Tuesday Poem: My stalker (via link)
March 3, 2014
Here is a link to a poem by me called ‘My Stalker’, just published on journal Verity La:
http://verityla.com/my-stalker-ps-cottier/
I know this means that you have to click the link, dear reader, but it will take you to a beautifully designed and seductive on-line journal.
Or, if you prefer, click this link, and see what poets in New Zealand have been doing:
Tuesday Poem: Café haiku
February 25, 2014
Umbrellas cup us
in upside down khaki
we sip browner rain
That photograph is of the view of and from Tilley’s, which is less than a five minute walk from my house. When not trapped in the spider’s web of editing, I fly down and write there.
Here, for example, is a draft of this very poem, written at Tilley’s:
I had never thought before I started writing how the ‘U’ at the beginning of umbrella looks like an umbrella blown inside out. Small step from there to coffee cup, really. (And yes, I realise that those umbrellas are not khaki! Also that ‘in upside down’ is a little clumsy. But it reminds me of a blown umbrella, somehow.)
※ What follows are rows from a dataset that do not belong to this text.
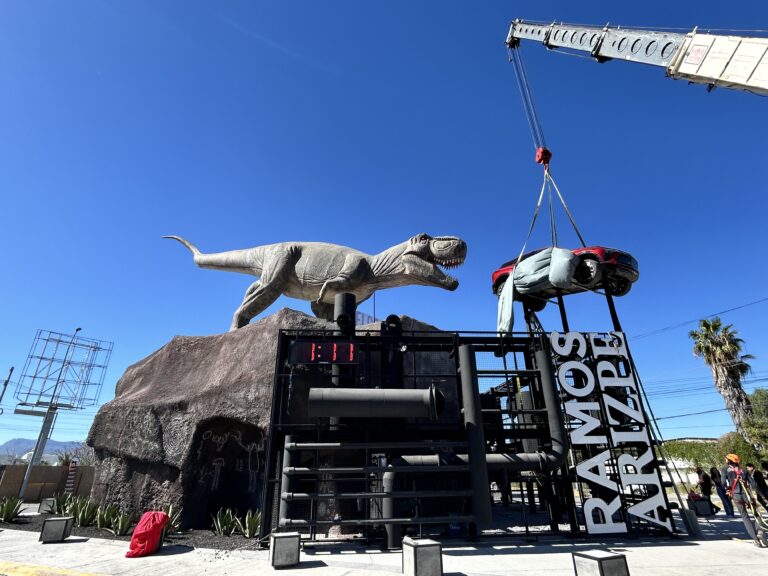 Colocan T-Rex y camioneta Blazer en la entrada monumental de Ramos Arizpe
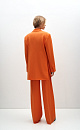 Классический костюм, состоящий из однобортного жакета и брюк палаццо. Жакет прямого кроя судлиненной спинкой, лацканами и двумя прорезными карманами с клапанами. Брюки прямого кроя с боковыми карманами и застежкой на молнию.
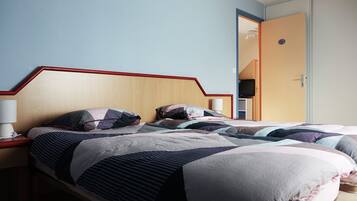 4 habitaciones, cuna de viaje y wifi gratis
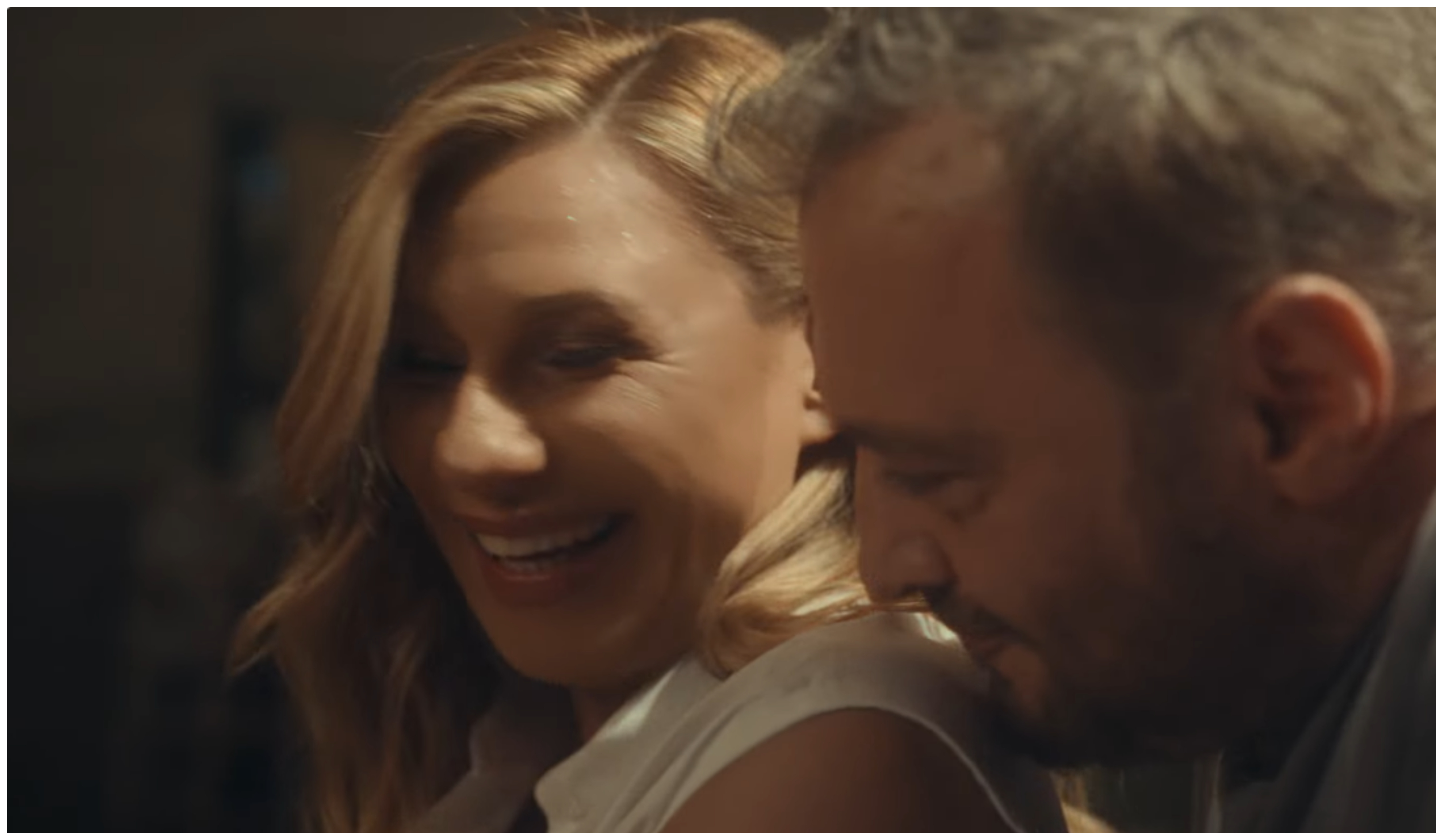 Φερεντίνος & Καραβάτου: Τα πειράγματα και οι αγκαλιές σε διαφήμιση αλυσίδας παιχνιδιών (ΒΙΝΤΕΟ)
I am longing to be back with my writing routine, away from the exigencies of editing poets’ biographical notes for The Stars Like Sand. I am not really given to minimalism in poetry, and want the time to sprawl over several stanzas. I am sure the my fellow editor Tim Jones feels the same way in regard to wanting more writing time, although he seems to be involved in a myriad of other activities as well.
For me at the moment it’s edit, gym, drink.
Interspersed with the occasional coffee.
Click this feather and see if they make good coffee in New Zealand:

Belated Tuesday Poem: (maths haiku)
February 14, 2014
Slow fern uncurling
one two three five eight thirteen
Fibonacci green
I am innumerate, but there is a poem about patterns in mathematics reflected (or enacted) in living things.
Next week I promise you a poem about algorithms.*
*The word ‘promise’ is written with fingers crossed. That makes typing difficult.
Click this feather, which no doubt can be read in a mathematical way, and see what the more punctual Tuesday Poets have been doing:

Tuesday Poem: Australian junk
January 28, 2014
Australian junk
Perfect beyond compare, the composition
glimpsed behind the sand dune, visitation
of a nation, expressed in three fork prongs:
a cricket stump, a tinnie, and a single thong.
Was there an arranger, of design intelligent,
or was it just luck, dumb evolution, that bent
time and space to make this eloquent trio?
Leprechauns fix just one shoe, but there’s no
Irishman likes cricket, it’s just not their game.
Should I search for walkers gone lame,
one side leaning? Or a patriotic drunk
who made tribute, through placing this junk,
into a precise summation of our Antipodes:
weird sport, sour booze, and feet liking breeze?
A very light poem indeed today. Ye gads, it’s not even a proper sonnet! Yesterday was the public holiday for Australia Day (which was Sunday the 26th, for all you benighted foreigners), and the flags hopped out like feral rabbits. I find the yobbo aspects of patriotism very hard to take.
But the rhyming thing above celebrates a moment when I saw a thong (a flip-flop for all you benighted foreigners), a tinnie (an aluminium drink can that once contained beer – oh, do keep up!), and a cricket stump (surely you know what that is?) discarded at the beach.
Meanwhile, of course, morons are killing sharks in Western Australia as they occasionally bite people who are in the water. Meanwhile, our navy is reportedly pushing boats of asylum seekers back to Indonesia. Meanwhile, we still don’t recognise Indigenous Australians in the Constitution.
But at least we beat the Poms in cricket. (Men’s cricket, that is.)